Dans les deux cas : les épargnants n'ont « aucune inquiétude » à avoir selon Cyrille Chartier-Kastler. Si la deuxième option est choisie, l’ACPR veillera à ce que « chacun garde la quote-part de richesse qui lui revient, sans que cela n’appauvrisse les autres ».

Quel fonds en euros chez Suravenir ?

Si les actifs provenant d’ACMN Vie rejoignent un fonds en euros, la logique voudrait qu'il se retrouve dans Suravenir Rendement, le fonds en euros dédié aux contrats web. Mais ce dernier, comme chez ACMN Vie, n’est qu'une appellation de l’actif général de l’assureur. En clair : l’allocation d’actifs et l’encours de Suravenir Rendement sont les mêmes que ceux du fonds en euros présent sur les contrats bancaires distribués dans le réseau des Crédits Mutuels de Bretagne, du Sud-Ouest et du Massif Central.
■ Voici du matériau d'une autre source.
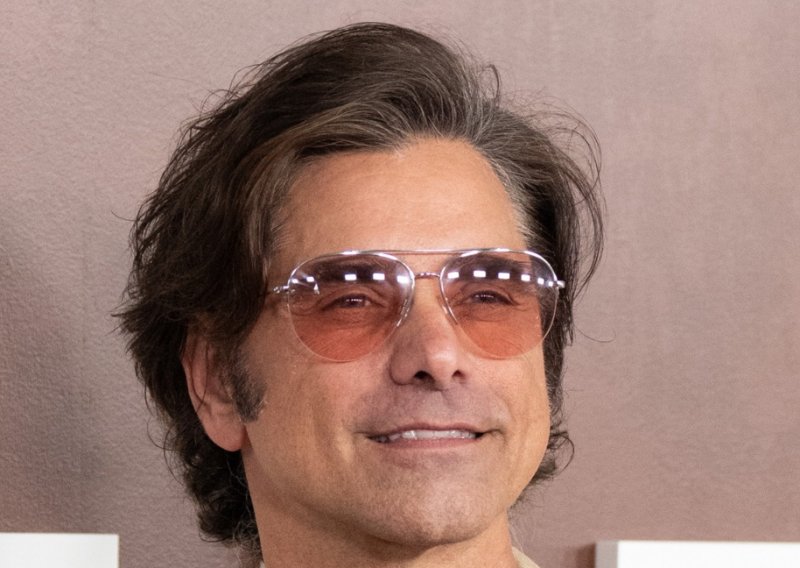 Ujak Jesse stari kao dobro vino: John Stamos fotografijom za 63. rođendan raspametio fanove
L’écart de rémunération est pourtant béant entre les contrats bancaires (2,45% en 2014) et les contrats web (3,22% sur Suravenir Rendement) : « Un assureur peut servir le taux qu’il veut à qui il souhaite, c’est parfaitement légal », développe Cyrille Chartier-Kastler. « Le client bancaire se voit ainsi servir un taux au niveau du marché, et son contrat contribue en partie à servir un taux plus élevé pour d’autres assurances-vie, en fonction de la stratégie de l’assureur. » Une logique qui n’est pas spécifique à Suravenir selon le fondateur de Good value for money : « Beaucoup d’assureurs usent de ce type de pratiques : Prédica, BNP Paribas Cardif, Generali, etc. »

Un nouvel assureur leader sur l’assurance-vie en ligne ?
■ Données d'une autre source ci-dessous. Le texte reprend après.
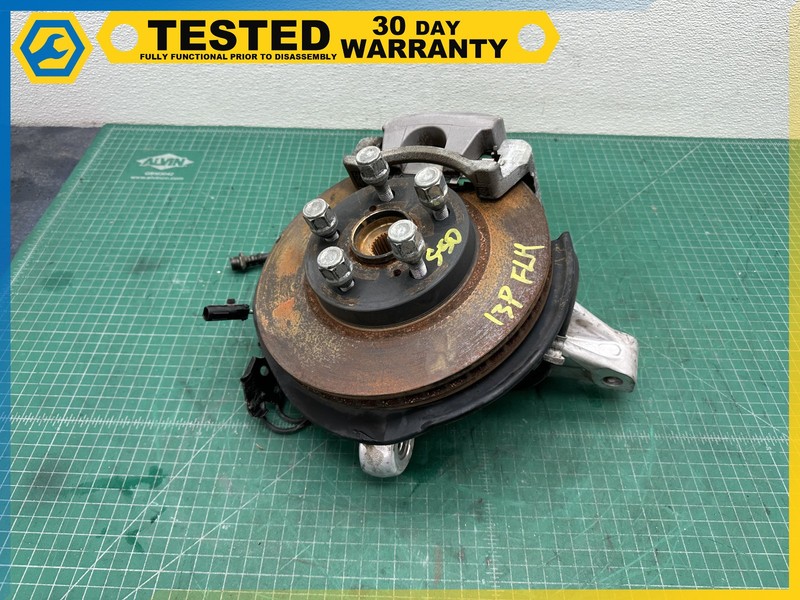 10-15 Toyota Prius FRONT LEFT SIDE SPINDLE KNUCKLE W/ HUB SET OEM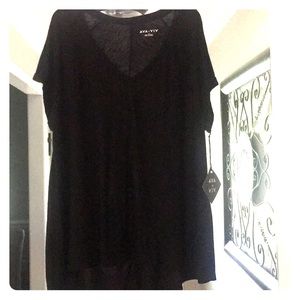 Ava & Viv Top NWT!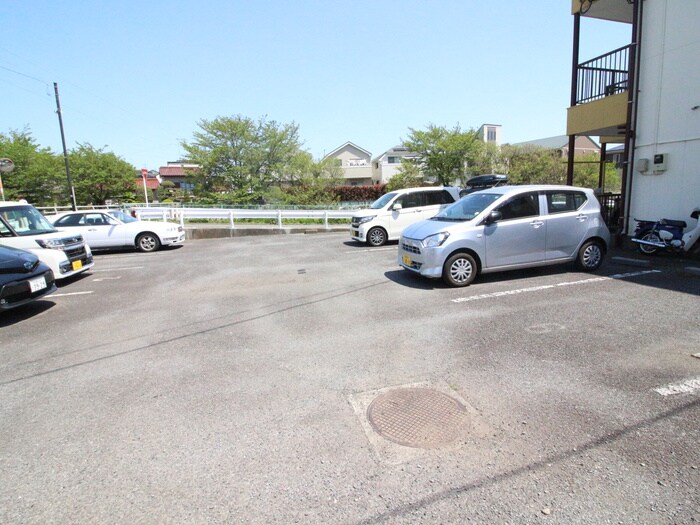 物件外観写真5　(駐車場)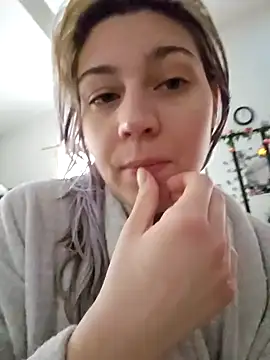 ScarletCallings420 online show from December 22, 2024, 9:20 pm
La stratégie de Suravenir étant actuellement de développer le segment internet, les détenteurs de contrats ACMN Vie peuvent espérer de nouveaux développements sur leurs contrats (de nouveaux supports en unités de comptes, un second fonds en euros, etc.). Le transfert ACMN-Suravenir permettra-t-il à ce dernier de doubler E-cie vie, filiale de Generali, actuel leader du marché de l’assurance-vie en ligne ? « Non. E-cie vie gère de plus gros portefeuilles », relativise Cyrille Chartier-Kastler. « Les navires amiraux de l’assurance-vie internet, ce sont les banques en ligne ING Direct et Boursorama, et leurs assurances-vie sont gérées par Generali. » Suravenir dispose bien des contrats Fortuneo dans son portefeuille, mais l’acquisition probable des contrats ACMN Vie web ne lui apporte « que » des assurances-vie distribuées par des courtiers qui, en termes de montants, ne joue pas encore dans la même cour.

(1) Altaprofits (contrat Abivie), Assurancevie.com (Puissance Vie), Epargnissimo (Croissance Vie), Hedios Patrimoine (Hedios Vie), Linxea (Linxea Evolution), MonFinancier (Liberté Vie), etc.

(2) Une quote-part de réserve de capitalisation, une quote-part de plus-values latentes, une quote-part de la provision pour participation aux bénéfices, etc.

(3) Article L324-1 du code des assurances.